== Assignment ==
Reproduce the entries in full. Exclude all images from the copy.

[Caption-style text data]
Content starts

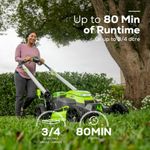 Cамоходная аккумуляторная газонокосилка Greenworks GD60LM61 Twin Force, 60v, 61 см, (2519107U8), с аккумулятором 8 А·ч и зарядным устройством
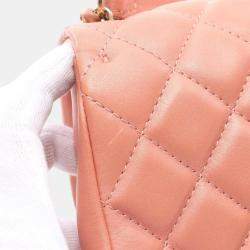 Chanel Pink Lambskin Matelasse Shoulder Bag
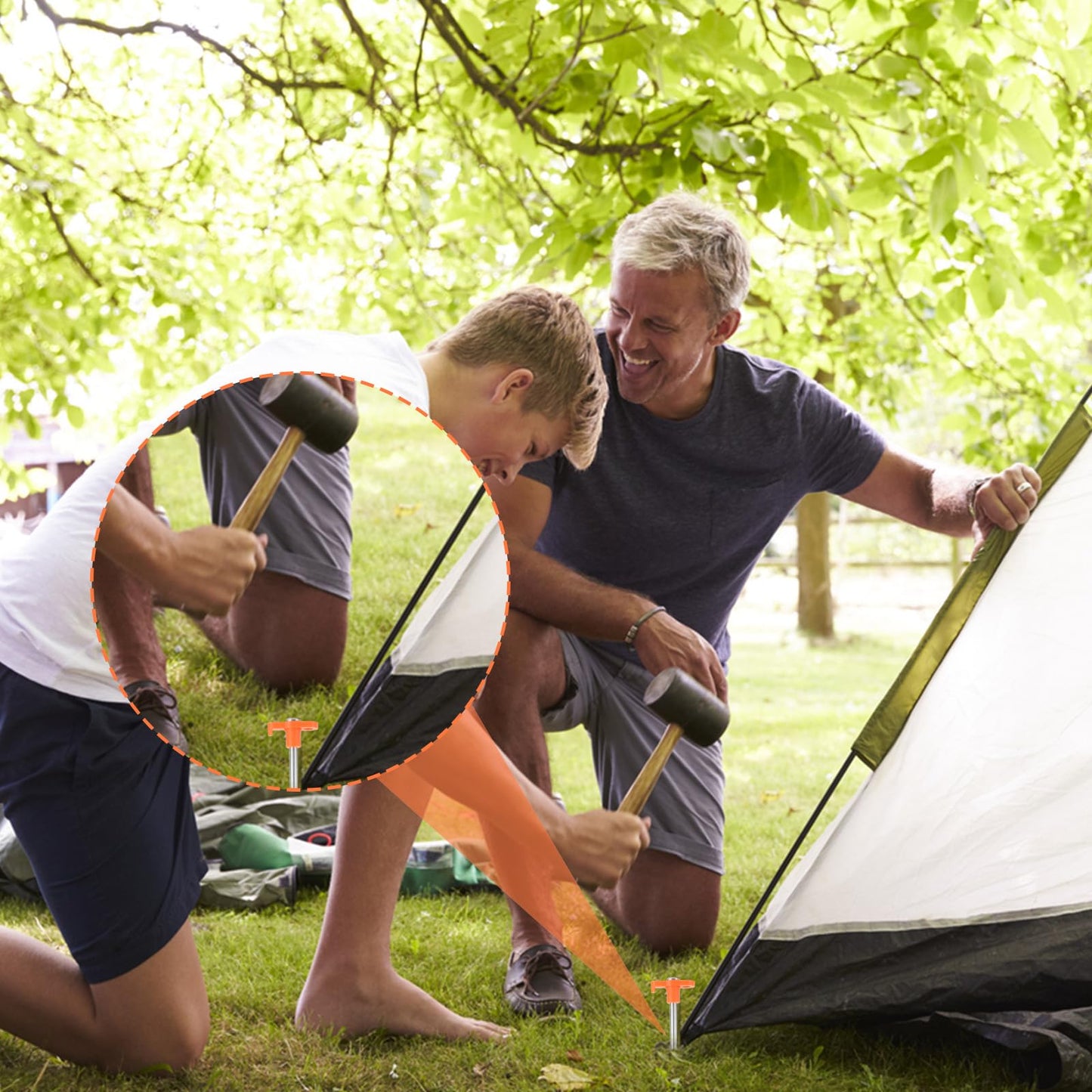 APACALI 40 PCS Metal Tent Stakes Heavy Duty, 10 Inch Yard Stakes Non-Rust Metal Tent Pegs Ground Stakes Tent Spikes Camping Accessories for Camping Patio, Garden, Canopies, Grassland, Outdoor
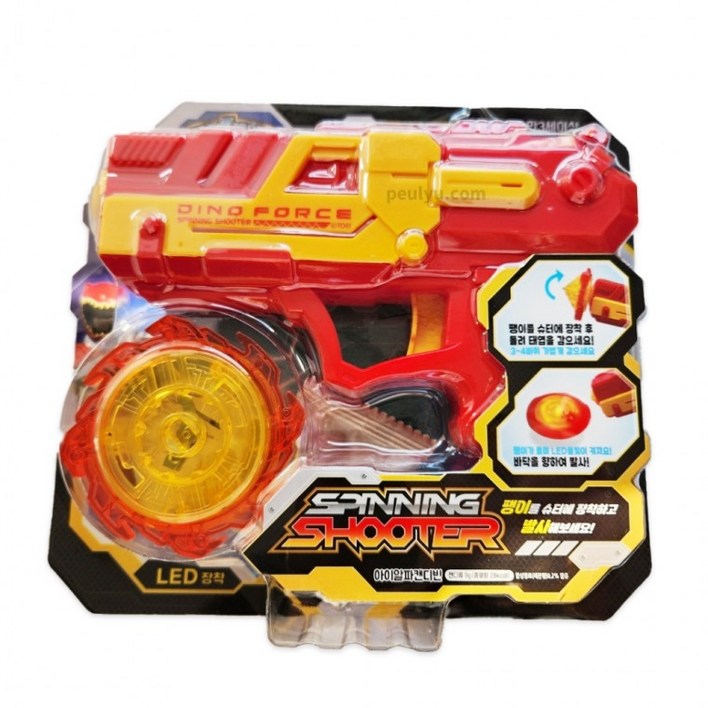 파워레인저 다이노포스 스피닝 슈터 팽이 아이알파캔디빈 택1 LED팽이 캐릭터 완구 장난감, 레드, 1개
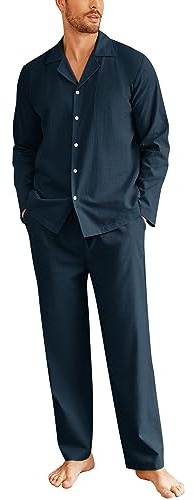 Ekouaer Schlafanzug Herren Lang Pyjama Baumwolle Zweiteiliger Nachtwäsche Langarm Loungewear Winter, S-XXL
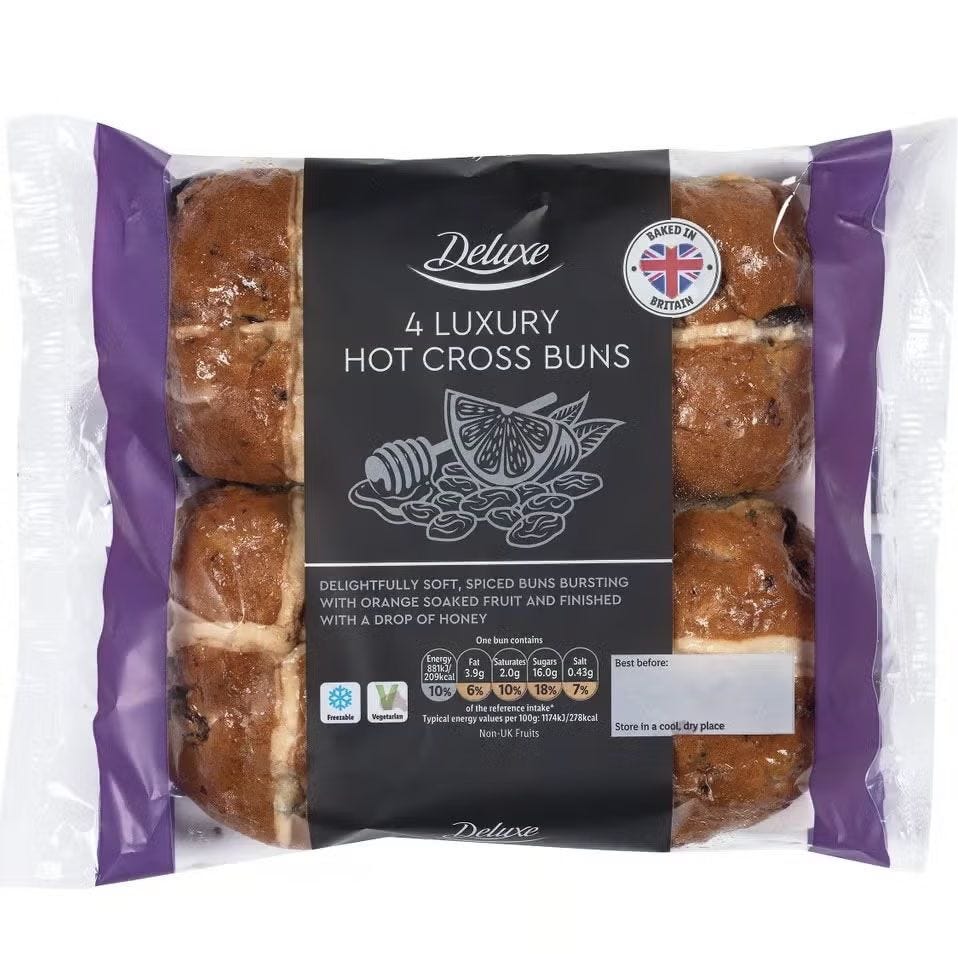 Deluxe Hot Cross Buns, 4pk
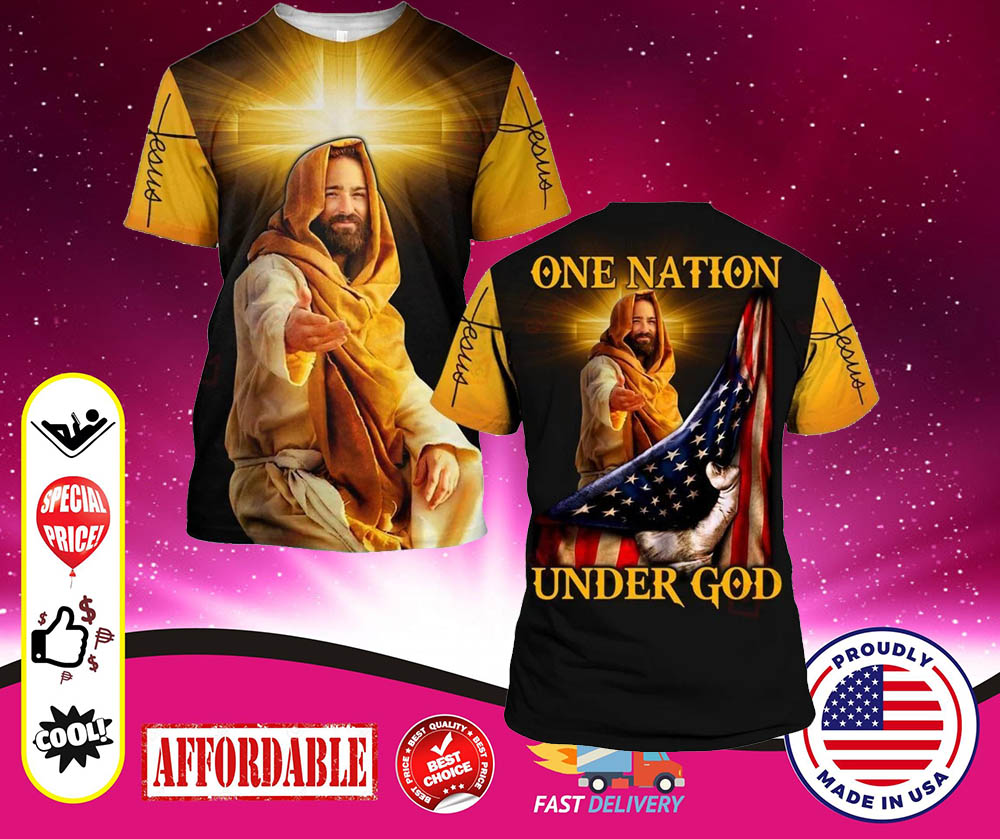 American flag One nation under god 3d hoodie and shirt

Content ends

== Written answer ==
 Cамоходная аккумуляторная газонокосилка Greenworks GD60LM61 Twin Force, 60v, 61 см, (2519107U8), с аккумулятором 8 А·ч и зарядным устройством
 Chanel Pink Lambskin Matelasse Shoulder Bag
 APACALI 40 PCS Metal Tent Stakes Heavy Duty, 10 Inch Yard Stakes Non-Rust Metal Tent Pegs Ground Stakes Tent Spikes Camping Accessories for Camping Patio, Garden, Canopies, Grassland, Outdoor
 파워레인저 다이노포스 스피닝 슈터 팽이 아이알파캔디빈 택1 LED팽이 캐릭터 완구 장난감, 레드, 1개
 Ekouaer Schlafanzug Herren Lang Pyjama Baumwolle Zweiteiliger Nachtwäsche Langarm Loungewear Winter, S-XXL
 Deluxe Hot Cross Buns, 4pk
 American flag One nation under god 3d hoodie and shirt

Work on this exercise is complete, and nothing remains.